Normal Distribution – Generating a Truncated-Norm-Multivariate-Gaussian Correctly

normal distributionrandom-generationsimulation

If $X\in\mathbb{R}^n,~X\sim \mathcal{N}(\underline{0},\sigma^2\mathbf{I})$
i.e.,
$$
f_X(x) = \frac{1}{{(2\pi\sigma^2)}^{n/2}} \exp\left(-\frac{||x||^2}{2\sigma^2}\right)
$$

I want an analogous version of a truncated-normal-distribution in a multivariate case.

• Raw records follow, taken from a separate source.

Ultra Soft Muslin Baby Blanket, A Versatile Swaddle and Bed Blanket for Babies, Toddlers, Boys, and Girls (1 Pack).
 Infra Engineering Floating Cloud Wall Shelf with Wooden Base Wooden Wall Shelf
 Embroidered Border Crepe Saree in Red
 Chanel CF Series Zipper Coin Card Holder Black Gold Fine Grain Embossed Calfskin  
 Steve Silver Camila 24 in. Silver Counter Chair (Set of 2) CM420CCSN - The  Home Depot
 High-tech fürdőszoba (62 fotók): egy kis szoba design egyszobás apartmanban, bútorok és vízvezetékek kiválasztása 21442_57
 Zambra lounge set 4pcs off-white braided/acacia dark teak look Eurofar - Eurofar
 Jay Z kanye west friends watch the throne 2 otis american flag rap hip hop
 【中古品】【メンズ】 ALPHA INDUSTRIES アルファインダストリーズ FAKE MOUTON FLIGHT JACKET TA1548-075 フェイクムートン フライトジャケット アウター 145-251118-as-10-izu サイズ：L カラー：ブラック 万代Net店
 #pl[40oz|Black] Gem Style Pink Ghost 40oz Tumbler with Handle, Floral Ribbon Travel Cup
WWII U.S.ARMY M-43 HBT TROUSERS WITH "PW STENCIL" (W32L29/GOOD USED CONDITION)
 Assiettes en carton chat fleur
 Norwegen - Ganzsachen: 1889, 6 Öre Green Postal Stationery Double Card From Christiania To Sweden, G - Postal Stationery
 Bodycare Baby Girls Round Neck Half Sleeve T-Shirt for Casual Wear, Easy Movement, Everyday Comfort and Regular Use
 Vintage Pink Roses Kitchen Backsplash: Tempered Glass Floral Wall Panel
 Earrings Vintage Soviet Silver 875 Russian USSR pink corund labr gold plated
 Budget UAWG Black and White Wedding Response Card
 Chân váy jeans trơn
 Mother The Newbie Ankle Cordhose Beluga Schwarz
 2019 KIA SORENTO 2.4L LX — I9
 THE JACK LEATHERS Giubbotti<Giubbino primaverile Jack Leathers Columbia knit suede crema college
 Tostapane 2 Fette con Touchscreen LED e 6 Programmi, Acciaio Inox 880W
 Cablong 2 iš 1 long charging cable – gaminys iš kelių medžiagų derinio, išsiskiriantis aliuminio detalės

More precisely, I want to generate a norm-constrained (to a value $\geq a$) multivariate Gaussian $Y$ s.t.
$$
f_Y(y) = \begin{cases} c.f_X(y), \text{ if } ||y||\geq a \\[2mm]
0, \text{ otherwise }.
\end{cases}
$$
where $c=\frac{1}{Prob\big\{||X||\geq a\big\}}$

Now I observe the following:

If $x=(x_1,x_2,\ldots,x_n)$, $||x||\geq a$

$\implies |x_n|\geq T\triangleq \sqrt{\max\left(0,\left(a^2-\sum_1^{n-1}x_i^2\right)\right)}$

Therefore by choosing $x_1,\ldots,x_{n-1}$ as Gaussians samples, one may restrict $x_n$ as a sample out of a Truncated-normal-distribution (following a Gaussian-tail $\geq T$) distribution $\mathcal{N}_T(0,\sigma^2)$, except for its sign chosen randomly with probability $1/2$.

Now my question is this,

If I generate each vector sample $(x_1,\ldots,x_n)$ of $(X_1,\ldots,X_n)$ as,

$x_1,\ldots,x_{n-1}\sim \mathcal{N}(0,\sigma^2)$

and

$x_n = Z_1 *Z_2~$ where, $~Z_1\sim\{\pm1 ~\text{w.p.}~ 1/2\}$, $Z_2\sim\mathcal{N}_T(0,\sigma^2)$, (i.e. a truncated-scalar-normal RV with $T(x_1,\ldots,x_{n-1})\triangleq \sqrt{\max\left(0,\left(a^2-\sum_1^{n-1}x_i^2\right)\right)}$

Will $(X_1,X_2,\ldots,X_n)$ be a norm-constrained ($\geq a$) multivariate Gaussian? (i.e. same as $Y$ defined above).
How should I verify?
Any other suggestions if this is not the way?

EDIT:

Here is a scatter-plot of the points in 2D case with norm truncated to values above "1"
Norm-truncated multivariate Gaussian

Note: There are some great answers below, but the justification of why this proposal is wrong is missing. In fact, that's major point of this question.

Best Answer

The multivariate normal distribution of $X$ is spherically symmetric. The distribution you seek truncates the radius $\rho=||X||^2$ below at $a$. Because this criterion depends only on the length of $X$, the truncated distribution remains spherically symmetric. Since $\rho$ is independent of the spherical angle $X/||X||$ and $\rho\,\sigma$ has a $\chi(n)$ distribution, you therefore can generate values from the truncated distribution in just a few simple steps:

Generate $X \sim \mathcal{N}(0,\mathbb{I}_n)$.
Generate $P$ as the square root of a $\chi^2(d)$ distribution truncated at $(a/\sigma)^2$.
Let $Y = \sigma P\, X/||X||$.

In step 1, $X$ is obtained as a sequence of $d$ independent realizations of a standard normal variable.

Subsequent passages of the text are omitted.